- (1) The assigned JPO, facility nursing staff, and the facility case manager shall work together to ensure that all medical information requiring parental follow-up is communicated to the responsible parent/guardian/assigned custodian prior to the youth’s exit from the facility.
- (2) The youth’s Juvenile Probation Officer, parent/guardian/assigned custodian, the facility case manager and conditional release provider as applicable shall be notified regarding pending or unresolved health care issues upon the youth’s release to the community.
- (3) For youth who will not be in the physical custody of the department, the parent or guardian/assigned custodian is responsible for arranging the youth’s health care services upon release.
- (4) Transitional health care planning shall begin within 45-60 days prior to the youth’s anticipated release to the community from a residential commitment program.
- (5) A Parental Notification of Health-Related Care form (HS 020) shall be sent in advance to the parent or guardian/assigned custodian by the facility with any information on upcoming appointments.
- (6) Fourteen (14) days prior to discharge, the residential commitment program shall again review the need for any upcoming appointments and notify the parent or guardian/assigned custodian.

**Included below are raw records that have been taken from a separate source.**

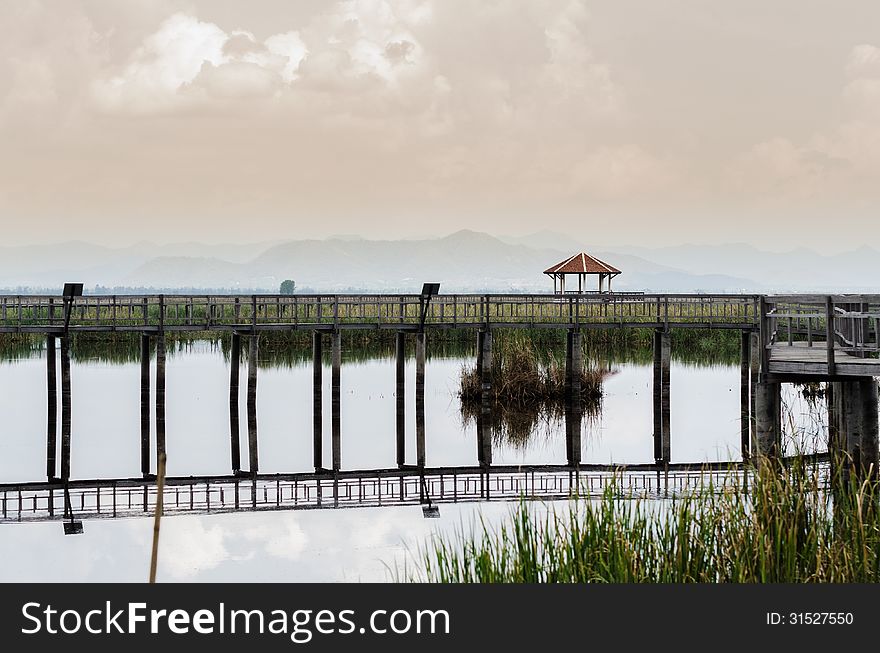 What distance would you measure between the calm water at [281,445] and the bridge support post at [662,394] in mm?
532

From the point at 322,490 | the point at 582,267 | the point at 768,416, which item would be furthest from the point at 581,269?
the point at 768,416

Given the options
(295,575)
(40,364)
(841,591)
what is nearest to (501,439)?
(295,575)

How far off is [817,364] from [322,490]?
11.2 metres

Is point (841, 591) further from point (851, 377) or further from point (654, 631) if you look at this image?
point (851, 377)

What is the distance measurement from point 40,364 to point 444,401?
25860mm

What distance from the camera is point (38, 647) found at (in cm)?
925

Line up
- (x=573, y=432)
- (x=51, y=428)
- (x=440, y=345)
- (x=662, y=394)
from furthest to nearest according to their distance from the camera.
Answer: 1. (x=440, y=345)
2. (x=662, y=394)
3. (x=573, y=432)
4. (x=51, y=428)

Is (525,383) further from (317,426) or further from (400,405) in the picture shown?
(317,426)

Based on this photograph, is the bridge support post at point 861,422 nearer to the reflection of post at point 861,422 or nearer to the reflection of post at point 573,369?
the reflection of post at point 861,422

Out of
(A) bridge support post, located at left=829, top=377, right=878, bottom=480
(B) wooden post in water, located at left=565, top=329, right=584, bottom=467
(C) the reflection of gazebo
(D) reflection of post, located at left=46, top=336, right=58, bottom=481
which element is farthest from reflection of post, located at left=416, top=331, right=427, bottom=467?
(C) the reflection of gazebo

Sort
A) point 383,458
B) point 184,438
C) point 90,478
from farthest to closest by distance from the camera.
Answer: point 184,438, point 383,458, point 90,478

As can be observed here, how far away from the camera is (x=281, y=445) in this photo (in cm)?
3195

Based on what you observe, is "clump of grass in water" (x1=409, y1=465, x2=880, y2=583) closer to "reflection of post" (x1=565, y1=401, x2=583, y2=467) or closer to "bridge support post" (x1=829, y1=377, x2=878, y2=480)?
"bridge support post" (x1=829, y1=377, x2=878, y2=480)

- (7) Final medical follow-up information shall be provided to the parent or guardian/assigned custodian on the Health Discharge Summary Transfer Note (HS 012, March 2024) when the youth is released. The Health Discharge Summary Transfer Note (HS 012, March 2024) is incorporated into this rule and is available electronically at HYPERLINK "http://www.flrules.org/Gateway/reference.asp?No=Ref-17519"http://www.flrules.org/Gateway/reference.asp?No=Ref-17519.
- (8) Medical conditions reportable as per state regulations require instructions to the youth and parent for medical follow-up with the local county health department.
- (9) Efforts to make medical appointments with community providers shall be documented in the Individual Health Care Record by the facility releasing the youth.
- (10) Specific instructions given to the youth about follow-up health care shall be noted in the Health Education Record (HS 013).
- (11) The youth’s medication shall be provided to the youth’s parent or guardian/assigned custodian at the time of release from the program. The medication must be in an individually labeled, youth-specific, prescription container generated by a pharmacy vendor.
- (12) Prescription medications shall not be released solely to the youth unless the youth is at least 18 years of age or legally emancipated.
- (13) Verification of the parents or guardian/assigned custodian’s acceptance of the youth’s medication shall be documented in the Individual Health Care Record utilizing the Medication Receipt, Transfer, and Disposition (Discharge) form (HS 053).
- (14) The youth’s parent or guardian/assigned custodian shall be provided with a 30-day prescription from the facility DHA/designee or Psychiatrist/designee for any medication(s) that a youth will continue after release.
- (15) The prescription copy shall be placed in the youth’s Individual Health Care Record.
- (16) When required, a DNA specimen shall be obtained as per section 943.325, F.S., using the FDLE kit prior to the youth’s release into the community.
- (17) A summary of health-related needs shall be included in the residential program’s exit conference for the youth.
- (18) Statutorily protected health-related information shall not be provided to parents unless the youth has given permission.
- (19) The Individual Health Care Record and Case Management File comprise the youth’s official file, and are to be stored together.
Rulemaking Authority 985.64(2) FS. Law Implemented 985.64(2), 985.145, 985.18 FS. History–New 3-16-14, Amended 2-5-25.